Le protestant d’Annonay le plus célèbre est certainement Boissy d’Anglas. Cet ardéchois est élu député du Tiers-État aux États Généraux de 1789. Il a 33 ans. Comme homme politique, il combat l’absolutisme et défend les libertés, dont la liberté de culte pour les protestants. Il prend la défense des hommes libres de couleur. L’acte qui lui vaut la célébrité est représenté dans plusieurs tableaux dont celui peint par Vinchon et installé dans la salle des mariages de la mairie d’Annonay. Le 20 mai 1795, il est président de la Convention ; des insurgés envahissent la salle, décapitent un député et brandissent sa tête devant lui ; calmement et très dignement, il salue la tête de son collègue. Boissy d’Anglas est un modéré. Il traverse ainsi cette tumultueuse époque, occupant des postes à responsabilité tant au service de Bonaparte que de Louis XVIII. Chez les protestants, il fut vice-président de la Société biblique et membre d’instances nationales de l’Église réformée de France, de 1803 à 1826.

De nombreux chefs d’entreprise étaient protestants.
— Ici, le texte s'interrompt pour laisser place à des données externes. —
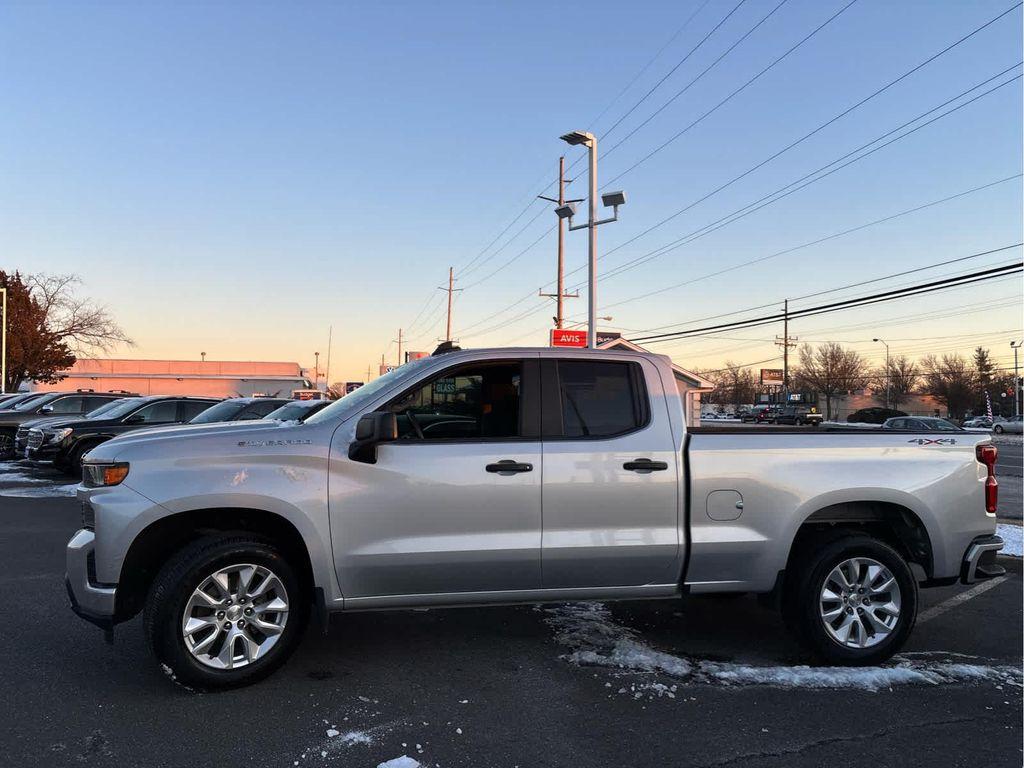 used 2021 Chevrolet Silverado 1500 car, priced at $30,000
Citons ceux qui apportèrent l’industrie papetière à Annonay : les frères Mathieu et Barthélémy Johannot. Ils viennent d’Ambert, achètent en 1634 un moulin à blé à Faya et le transforment en moulin à papier. Près de 300 ans après, la société porte encore leur nom… en petits caractères !

 

Ce texte est une compilation d’une « Brève histoire de l’Église réformée d’Annonay », rédigée par Jacques Vernier à l’occasion du Bicentenaire du temple (2008), et de panneaux créés par une équipe de l’Église protestante unie d’Annonay (composée de Jean-Philippe Lechevallier, Paul Schweckler, David Veldhuizen, et Janine Vincent) en complément de l’exposition « Luther ouvre les portes à la modernité » à l’occasion des 500 ans de la Réforme (2017).